2015年に学術文庫版が出て、2018年8月で第3刷。原本は1989年に講談社現代新書として誕生している。

本書のテーマは、カレーライスはどこから生まれたのか?

そして、その答え探しの旅が本書の内容となっている。

カレーライス・・・日本人の国民食といっていい(のか?)程、親しまれている料理は、一体いつ頃、どこから生まれたのか?

しっかりした調査を続けた旅であったが、資料や物証等が少ない、はっきりと断定した答えは出ていない。しかし、ほぼ間違いないだろうという推測の土台までは提供してくれている。その意味で本書は古典として、残っていくだろう価値がある。

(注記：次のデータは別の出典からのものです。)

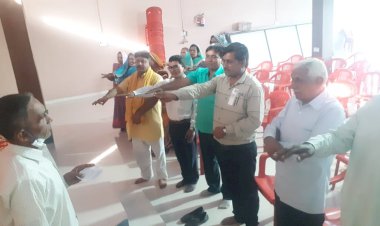 कठूमर वैश्य समाज की नवनियुक्त तीनों कार्यकारिणी का हुआ शपथ ग्रहण समारोह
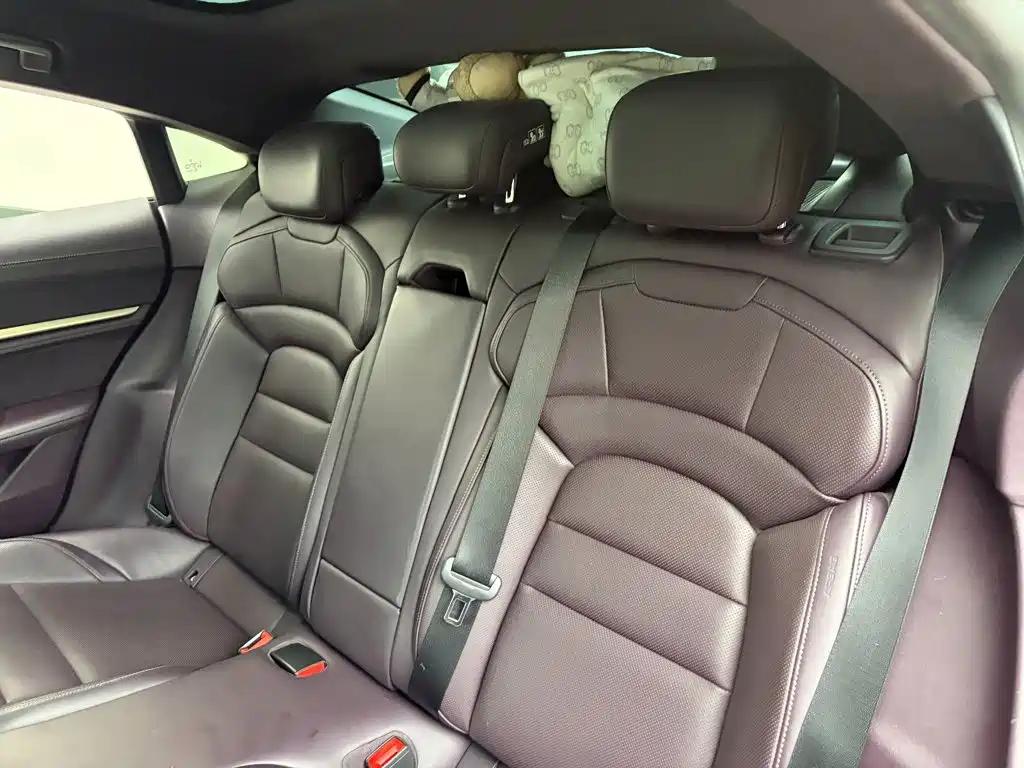 Porsche Taycan — миниатюра 12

カレーといえば、当然にその出自は、インドが思いつく。しかし、インドにカレーはない。というか、カレーはあるけど、インド料理全般がカレーといえばカレーにあたる。日本のカレーライス(いわゆる小麦粉の入ったドロっとしたカレールーと肉、ニンジン、タマネギ、ジャガイモという具のセット)とは、系統が違う食べ物である。そもそもインドでのカレーは、スパイスの調合から始める料理で、カレー粉やカレールウというものはないし、使わない。というわけで、インド発祥説は消える。

インドでなければ・・・で、次に来るのが、欧風カレーなんて言われるイギリスルーツ説を確かめている。確かにカレー粉が最初に生まれたのはイギリスであった。しかし、著者の調べが進むうちに、カレーライスのイギリス発祥説もあやしくなってくる。カレー粉を初めて作り売っていたと記録にあるC&Bにとって、カレー粉は、数多くある製品群の一つに過ぎず、イギリスでの国民食を支える存在ではなかったこと。カレーはあるにはあったが、それはかつての生活様式として1週間分の肉を焼いて、1週間かけて食べていく中で、時間経った肉の食べ方だった。主役は肉であり、カレーは肉を食べるためのソースに過ぎなかった。そして、ここでも具としてのニンジン、タマネギ、ジャガイモという組み合わせは出てこない。イギリスだけでなく、フランス、ドイツにもカレーライスの原型になるカレー料理はなかった。

カレーのルーツを巡る旅はインド、イギリスでは確証は得られず、日本での文献調査という振り出しに戻る。明治維新、文明開化の時を経て、肉食は大体的にOKになった。料理としては、外食としての牛鍋が中心で、明治の段階でもカレーライスはまだポピュラーになっていない。しかし、カレーライスの原型は徐々に姿をあらわしてきており、最初期は、まさかのカエル肉を使ったカエルカレーだった。カエル肉は中華系の流れにあり、欧米勢の進出にともない調理人としてきていた中国人たちからの影響だったと考えられる。もう一つ、この時代には、まだニンジン、タマネギ、ジャガイモが、外来の珍しい野菜という扱いだったこと。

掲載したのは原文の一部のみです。